今回は、「外環道路問題」「視覚障害者が安全で、安心して歩ける交差点について」「ゆとりえ」前の市道1号、通称立教通りの歩道について」の3点について質問いたします。



1.外環道路問題について

東京外郭環状道路の建設計画については、国と都は1970年以来の「凍結」を解除し、2016年の東京オリンピック招致をてこに建設の方向で急展開しています。東京都の平成19年度の重点事業に、「首都圏のポテンシャルを高める道路ネットワークの構築」として307億円の予算を計上しています。三環状道路の整備推進の項で、「都市計画変更手続に着手している東京外かく環状道路(関越道〜東名高速間)については、国に早期事業化を働きかけていく。あわせて、沿道のまちづくり等についても検討を進める。」としています。

急展開の具体的動きは、2006年(平成18年)4月21日、石原都知事は定例の記者会見で、外環道路の練馬―世田谷間の16kmについて、「外環道の必要性や環境対策などについておおむねの理解を得たものと判断しまして」と都市計画変更手続きに近く着手すると発表しました。この区間の外環道路に関しては、PI外環沿線会議で住民との話し合いを継続しているときで、この知事の発表は住民との話し合いをないがしろにするもので、PI会議の委員の方々も抗議をしています。さらに都は5月22日に開催された沿線区市の担当者会議の中で、都市計画変更と環境影響評価(アセスメント)の手続きに着手すると説明しました。

国と都は、外環道を、地上の高架式から地下40メートルの大深度トンネルでの建設に変更する都市計画変更案と環境影響評価準備書を6月1日公表しました。都は、平成18年6月2日から7月3日までの一ヶ月、都市計画の変更案と環境影響評価準備書の縦覧をおこない、7月18日まで住民の意見を募り、外環道路建設への都市計画変更に踏み出すことを明らかにしました。

東京都都市整備局、国土交通省は、環境影響評価書準備書に対する意見書が全都から2483通寄せられたと発表し、「適切な処置を講じ、環境への影響は小さい」とする都の意見書をまとめ、8月10日に関連する区・市長に送付しました。

武蔵野市は7月1日から9月30日まで、市独自に市民の意見を聞き、137通の意見書が寄せられました。

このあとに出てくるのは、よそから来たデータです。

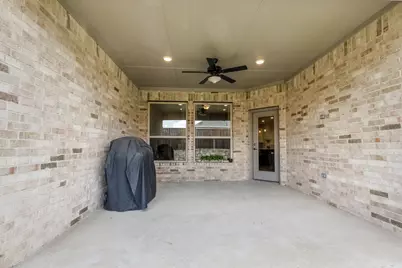 313 Savannah Lane, Oak Point, TX 75068 - Photo 23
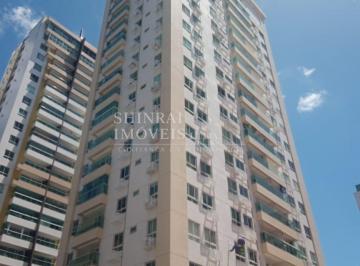 ac8094fb-4b25-48b7-9433-b44d89081b3e.jpeg · Apartamento à venda em Tambaú - Edf Alameda Tambaú 3 quartos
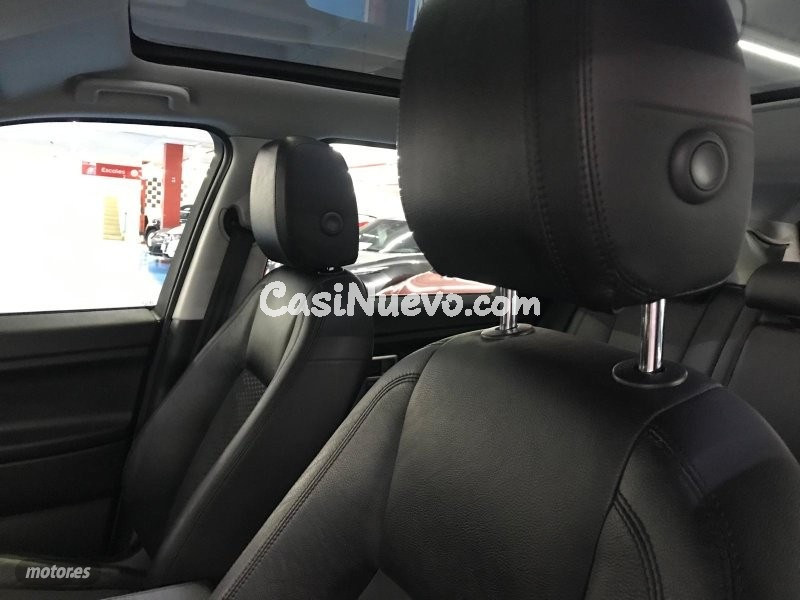 Land Rover Discovery Sport - foto 12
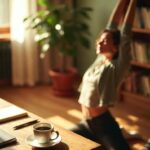 Без названия (7)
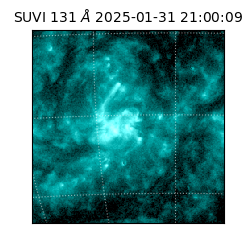 suvi - 2025-01-31T21:00:09.969000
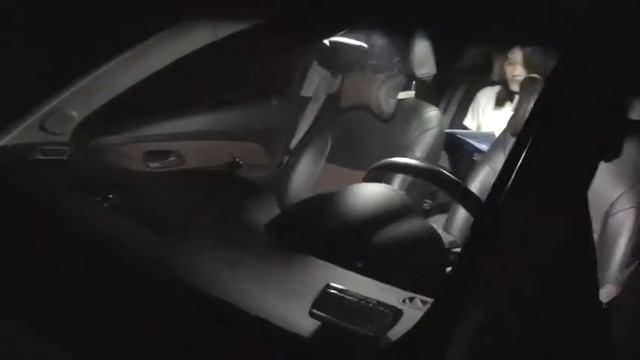 9a6fc81036d626de4611f8dad596549a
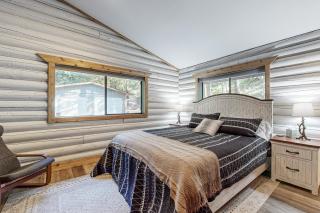 Kalama River View! Family-Friendly Nature Escape - 1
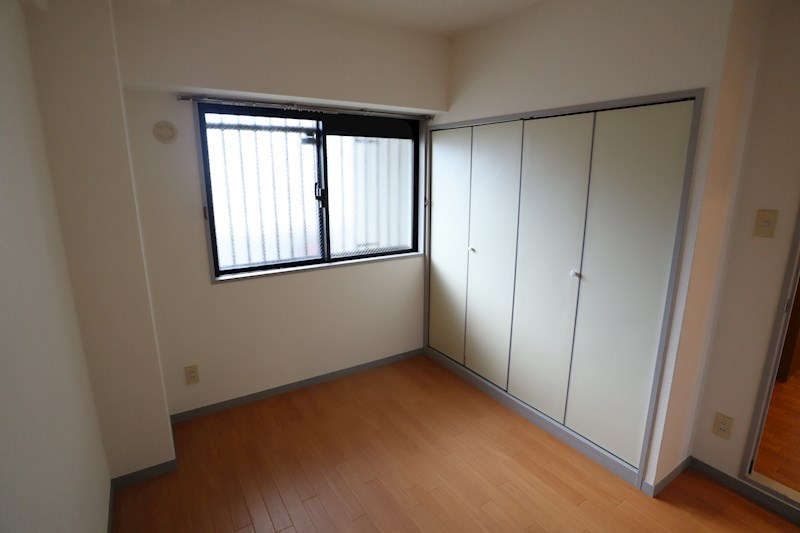 サンメゾン忍海 その他9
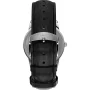  Zdjęcie 5 Timex Easy Reader 35mm Leather Strap Indiglo TW2W95400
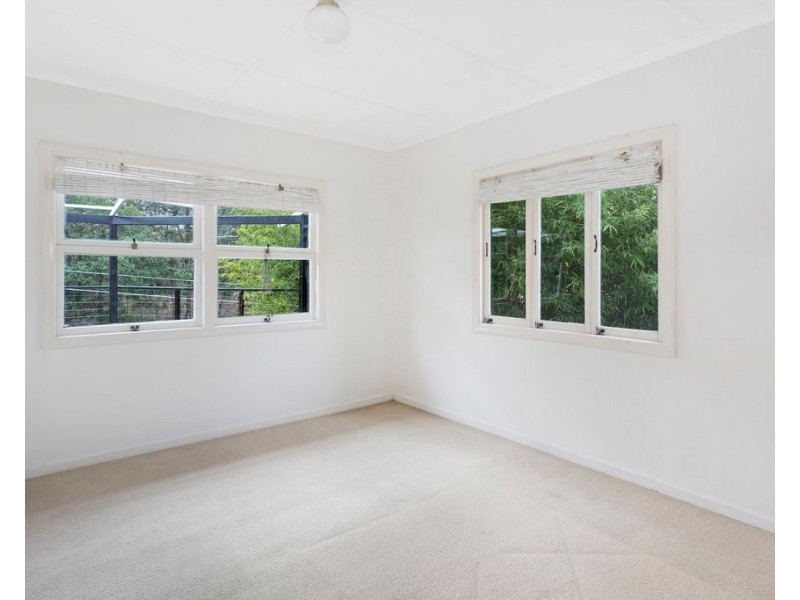 523 D’Arcy Road, Camp Hill QLD 4152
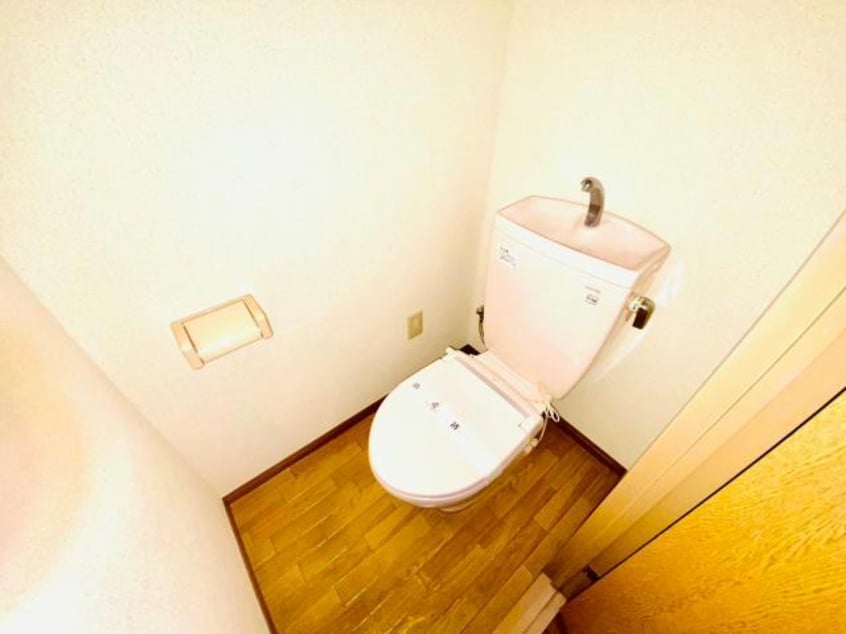  総武本線/佐倉駅 徒歩9分 3階 築22年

そのうち、119通・87%は外環に反対というものでした。

武蔵野市の環境市民会議も「外環アセスに対する武蔵野市環境市民会議意見」をだしました。その基本的事項で「本準備書に対して、2483通の都民意見書が提出されている。この意見の概要と見解が公表されているが、可能な追加調査の要望等に対してはできる限り再調査を実施し、評価に影響が出た場合は、適正に補正されたい」としています。そして、大気質、低周波音と震動、水循環と地下水、動植物、生態系などに関し、検討や要望項目が書かれています。市長は、これら、市民の意見、環境市民会議の意見を参考にして、10月5日に都に「環境影響評価準備書に関する市長としての意見」を提出しています。しかし、11月20日の外環特別委員会で私が「どのようなときに再調査されるのか」質問したところ、「最終的には都知事が必要と認めたとき」ということでしたので、「環境影響評価準備書」は多くの都民の疑問を残したまま、都知事によって「環境影響評価書」になる可能性が大きいものと思われます。

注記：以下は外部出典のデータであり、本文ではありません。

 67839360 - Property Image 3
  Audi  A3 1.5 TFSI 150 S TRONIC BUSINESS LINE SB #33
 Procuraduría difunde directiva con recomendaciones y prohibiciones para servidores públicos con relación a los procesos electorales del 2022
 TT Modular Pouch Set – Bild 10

また、10月25日には国と都に、「外環計画に関する沿線区市共同声明」を6区市長連名で、「外環計画における諸課題の解決について」を6区市の都市整備部長連名で提出しています。

この都市整備部長連名の要望書で『外環の都市計画の変更は、事業着手に道を開くものである以上、現段階での充分な検討と地元住民からの理解を得ることが不可欠である。先に述べたが、沿線各区市にとって外環計画は単なる道路計画ではなく、外環整備の結果としてまちづくり全般への大きな影響が予想され、この点からの充分な検討なくしては沿線住民からの理解は得られない。

そのため、沿線各区市で外環の都市計画変更案に伴う周辺まちづくり計画等の本格的な検討に入るため上記諸事項について、速やかなる見解の提示並びに具体的回答を求め、その回答を踏まえて、各区市の都市計画等まちづくりに関する本格的検討を前進させたいと考えるものである』として、1か月以内に誠意ある回答を求めています。

大深度地下による高速道路建設事業は日本で始めての事業です。武蔵野市民会議の専門家も疑問を出しています。市民の環境に対する影響や、安全面に対する不安は当然です。都市計画の変更は、事業着手への第一歩であるにもかかわらず、住民の理解が得られていませんし、「外環の2」や環境への影響など、不透明なままであり、都市計画変更に同意する条件はありません。

また、国や都が福祉をどんどん削っているときに住環境破壊の大型道路に、16kmで1兆5千億円、1m1億円もの税金を注ぎ込むことは間違っています。日本共産党武蔵野市議団は外環道路計画そのものに反対です。そこで、質問します。

(1)沿線区市長共同声明と都市整備部長連名の要望書に対する国・都からの回答はありましたか。また、その内容はどのようなものでしたか。お伺いします。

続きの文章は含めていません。